A painting of a woman in early 1900s clothing sitting on a chair looking out of an open door with views of a garden. Another woman stands at the other side of the door
Nikolai Astrup’s ‘By the Open Door’ (1902-11) © Alamy

It’s natural to assume that this is a painting of women awaiting someone’s arrival. But I see something different. I think of the many ways women have historically been defined by domesticity and regulated by the boundaries of such spaces, whether they wanted to be or not. So I imagine the body language of the standing woman towards the seated woman is one of curious impatience, as if she is asking: “So are you going to just sit there all day or actually do something about your situation and whatever it is you’re thinking?”

This interpretation leads us to a further question: when have we found ourselves waiting for permission from someone else to venture where others might not imagine we belong, or to do what others may not consider us capable of? Who do we allow to decide where the boundaries fall for us, and what doors we are permitted or encouraged to walk through? It’s poignant to me that the door in Astrup’s painting is wide open and that both women appear to be on the verge of stepping out. Sometimes I wonder if we prevent ourselves from seizing these sorts of opportunities.
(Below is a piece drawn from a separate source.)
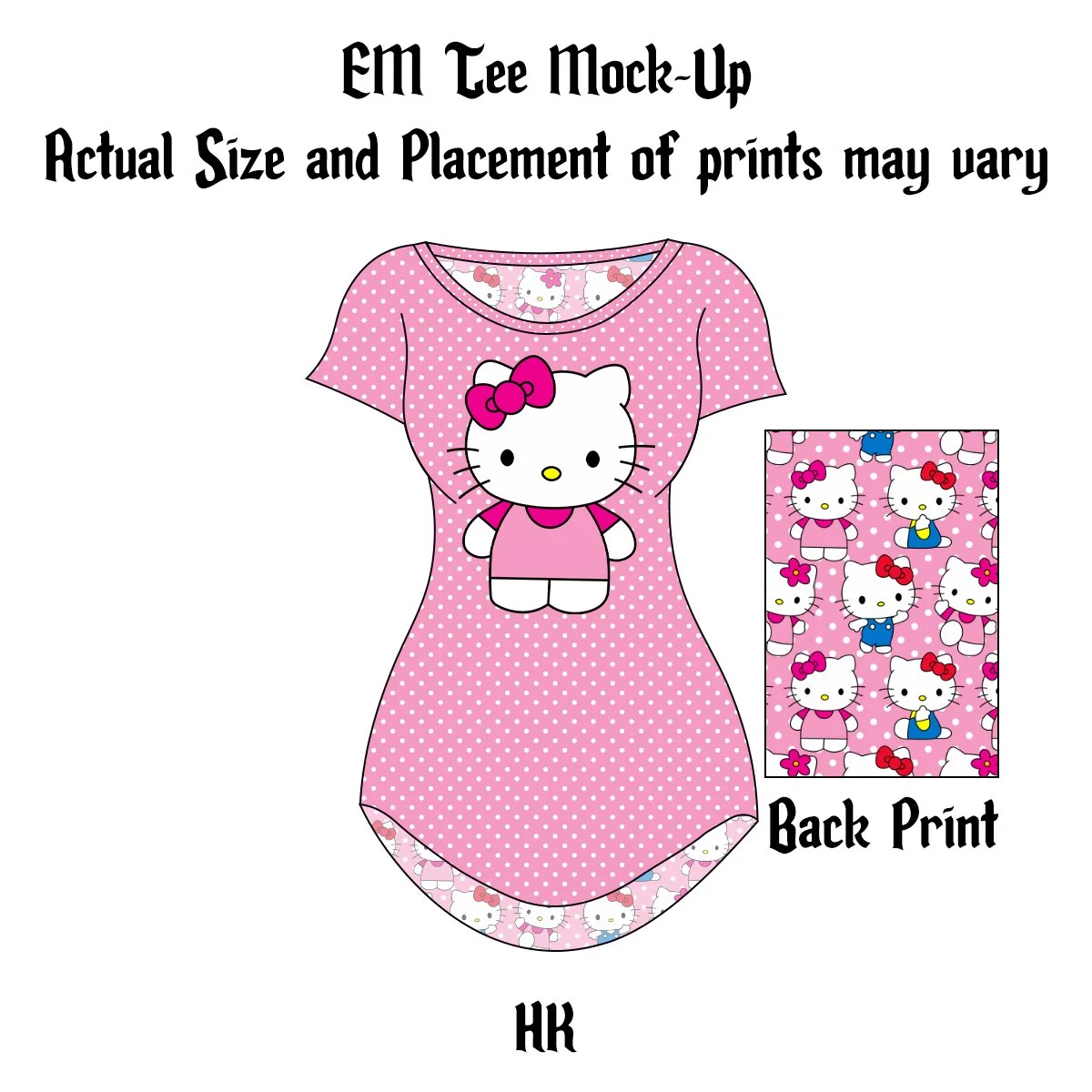EM Tee - HK.jpg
Dorothea Tanning was a Surrealist artist who used doors as a recurring motif in her work. I find her 1943 painting “Eine Kleine Nachtmusik” compelling because it invites us to consider the doors that stand at the threshold to our interior worlds. In this painting two young girls, or dolls, stand in a long red-carpeted corridor with four numbered doors against the wall. All the doors are closed — except for the last one, which is slightly ajar, and through which a sliver of light is visible. One of the girls rests against the first door, dressed in a white tattered skirt, white tights and shoes, her red shirt open to expose her upper body. In her hand she clutches the oversized petals of a sunflower. The other girl, also in tattered clothes stands in the middle of the hallway, hair raised on end. There is a monstrously sized sunflower on the carpet that looks as though it has been wrestled to the ground.

A surreal painting of a hall and stairway with a large sunflower on the floor and two girls with long hair
Dorothea Tanning’s ‘Eine Kleine Nachtmusik’ (1943) © Tate Photography

Whatever dimension this scene is meant to represent, both the girls look like they have been through something not just exhausting but life-altering. It makes me think about the interior battles we may sometimes have to confront in order to find a door that leads to the next stage of our lives.

I wonder how much we consider that some doors may only open for us when we have done a particular kind of interior work, the task of facing our fears or reckoning with necessary feelings, or even past experiences. Like the figures in Tanning’s painting, we will come across many doors in our lives; knowing which to open and walk through and which to leave closed is the ongoing challenge for us all.